[Assigned task] Please print, exactly, only the lines in the entries below from the line that has "The Old State" through the line that has "Square Abstract Purple". Pictures don't go in.

[Extracted information]
# # # #

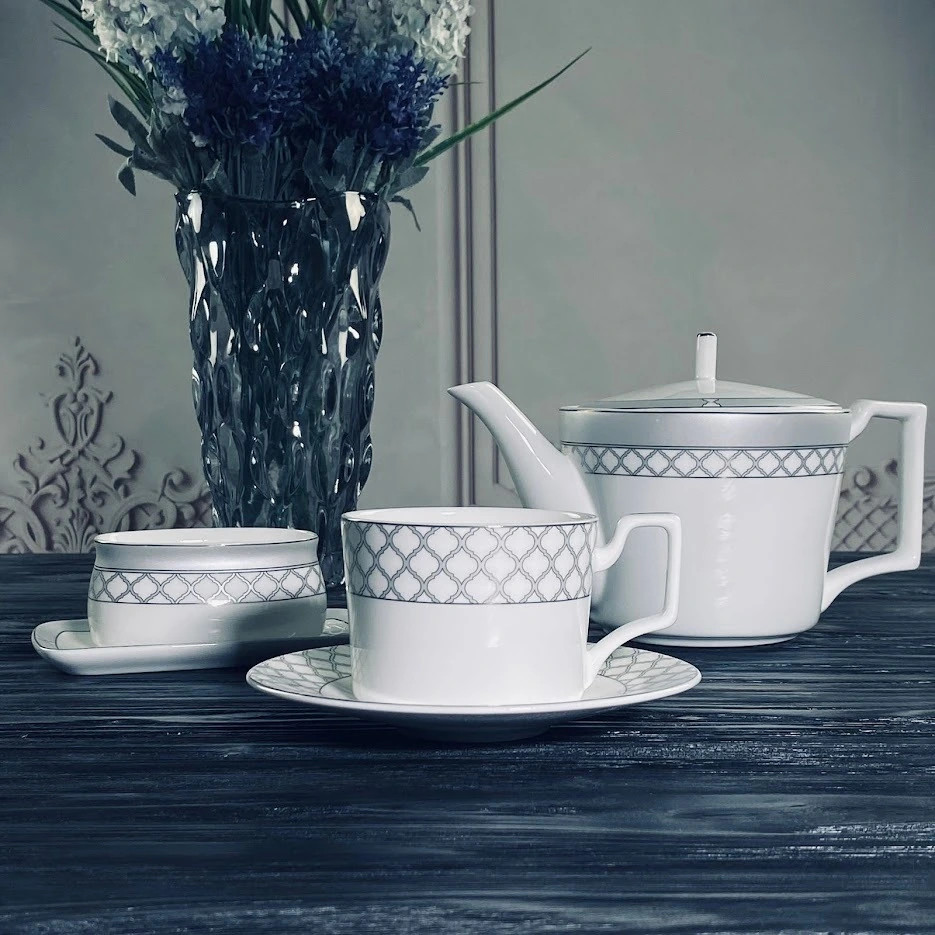 Чайный сервиз «Версаль серебро» | Версаль серебро | Lenardi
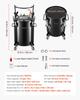 Pressure Pot Paint Tank, 30 L Heavy Duty Steel Pressure Pot Tank, Spray Paint Pressures Pots with Three Quick-Connect Couplers for Home Use, DIY, Art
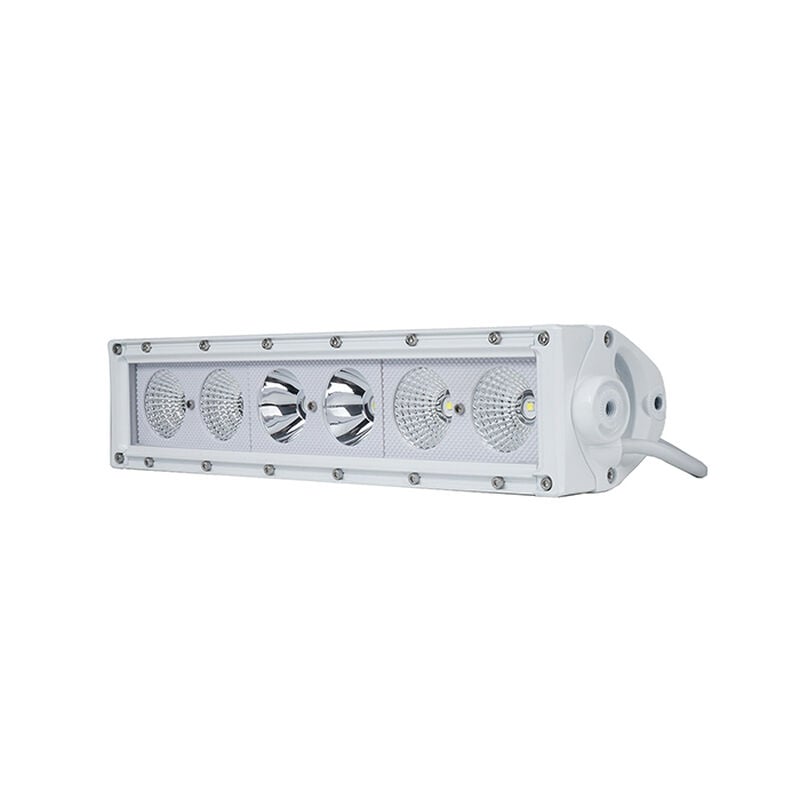 New - 14.5inch Marine Grade Single Row Straight Light Bar with 60-Watt 6  x 10W High Intensity OSRAM LEDs image number 2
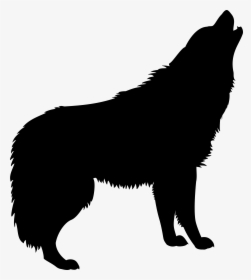 Howling Wolf Silhouette Transparent-png - Wolf Howling Silhouette Png, Png Download, Transparent PNG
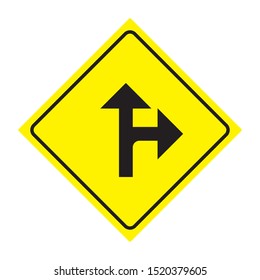 traffic sign arrow icon vector.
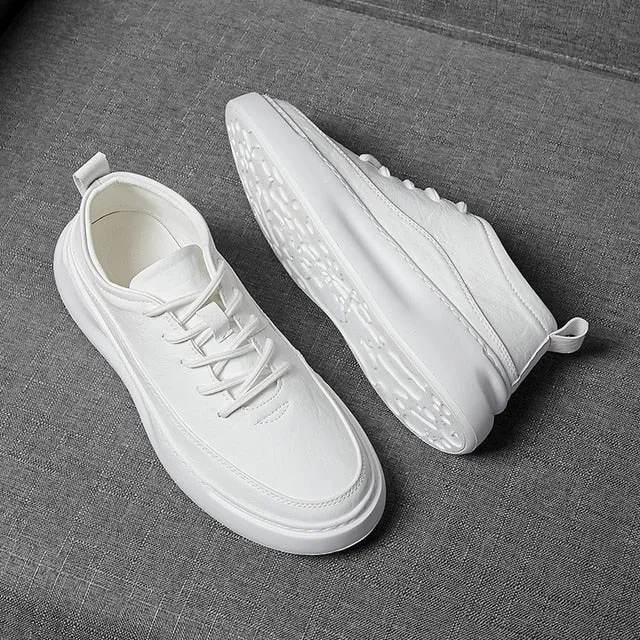 xiangtuibao  Men's Casual Shoes Black Leather Flats Size 39-44 Graffiti  Sneakers Designer Shoes Men Hiking Leisure Shoes %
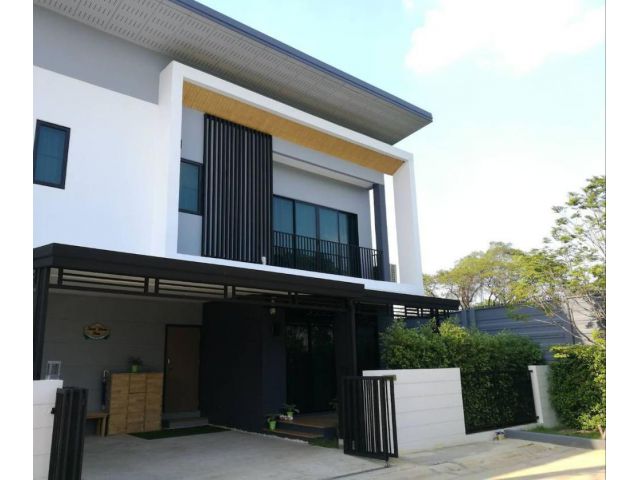 PJH274 ให้เช่าบ้านเดี่ยว หมู่บ้านชีวารมณ์ พร้อมอยู่ ใกล้ฟิวเจอร์ปาร์ค-รังสิต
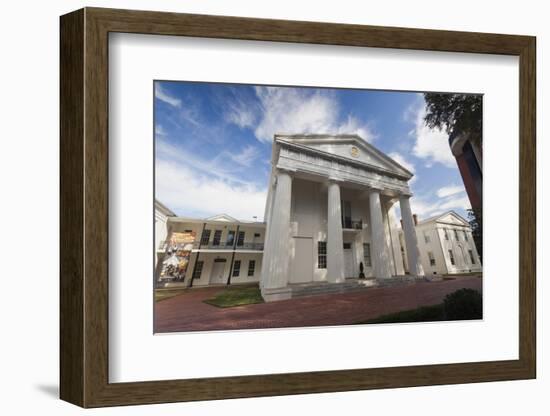 The Old State House Museum Exterior, Little Rock, Arkansas, USA-Walter Bibikow-Framed Photographic Print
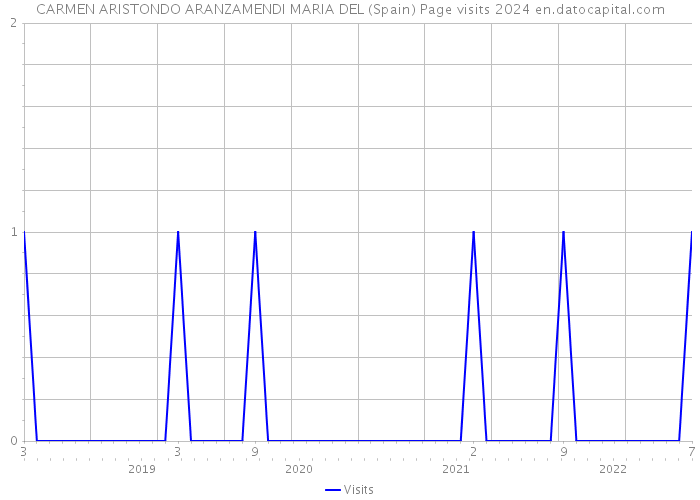 CARMEN ARISTONDO ARANZAMENDI MARIA DEL (Spain) Page visits 2024 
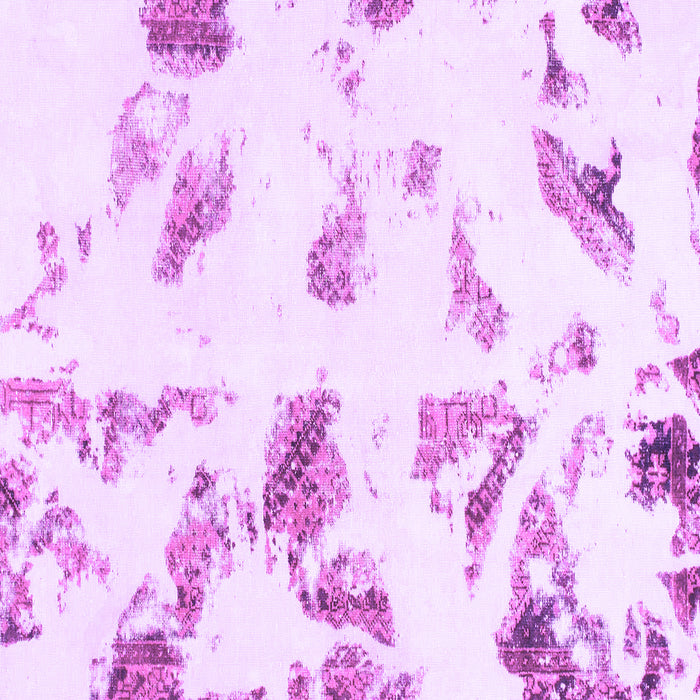 Square Abstract Purple Modern Rug, abs1067pur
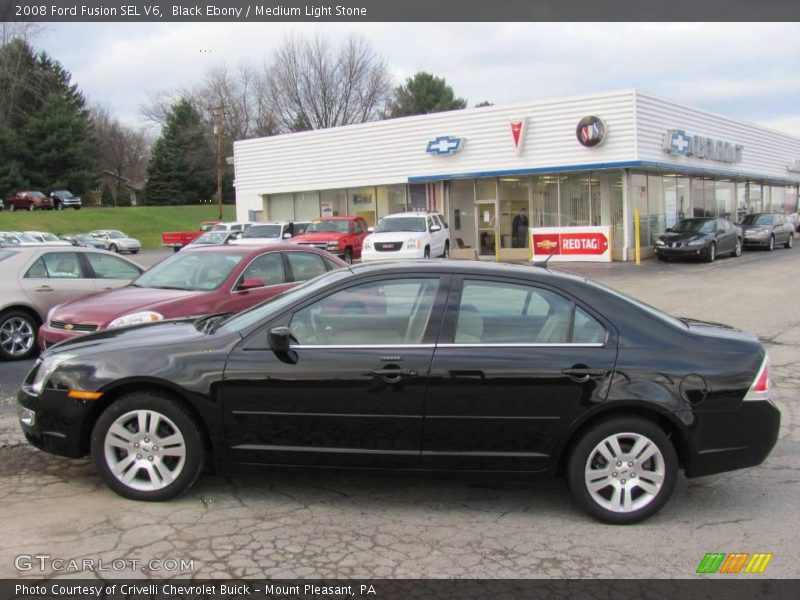 Black Ebony / Medium Light Stone 2008 Ford Fusion SEL V6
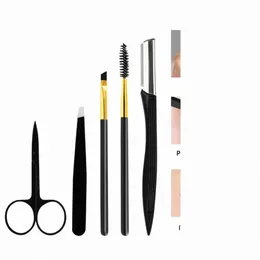 inbuty Augenbrauenrasierer 5/8-teiliges Augenbrauen-Trimmer-Set für Frauen, Gesichtshaar-Rasierer, Make-up-Werkzeuge, Klingen, Rasierer, Männer, Eyel-Bürstenzubehör E4xL #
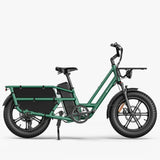 Fiido T2 Longtail Cargo Electric Bike front product view in Ireland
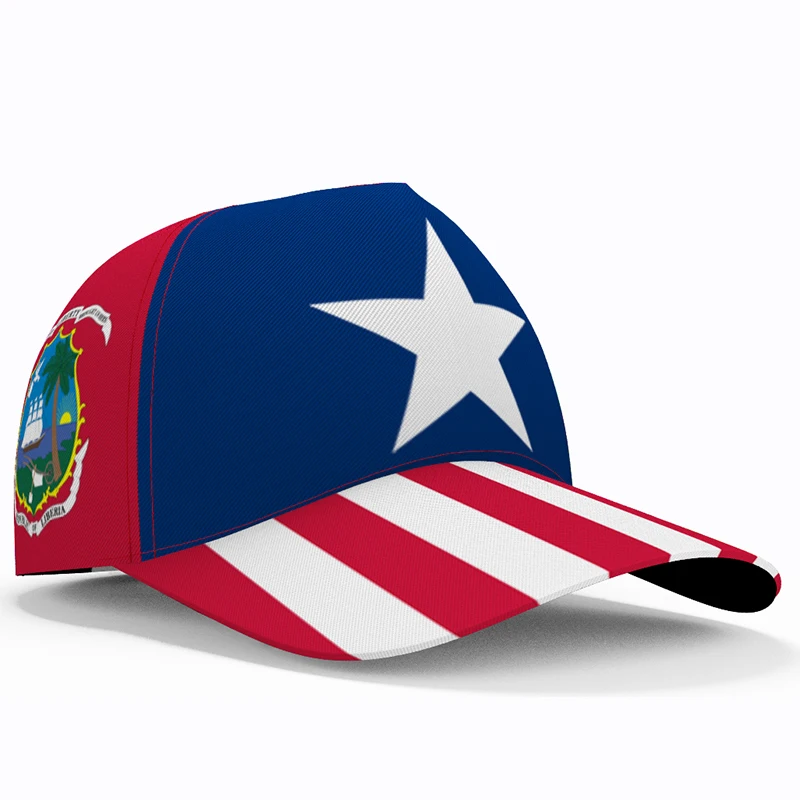 Liberia Baseball Caps Free 3d Custom Made Name Number Team Logo Lr Hat Lbr Country Travel Liberian Nation Republic Flag Headgear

# # # #

[Response]
 The Old State House Museum Exterior, Little Rock, Arkansas, USA-Walter Bibikow-Framed Photographic Print
 CARMEN ARISTONDO ARANZAMENDI MARIA DEL (Spain) Page visits 2024 
 Square Abstract Purple Modern Rug, abs1067pur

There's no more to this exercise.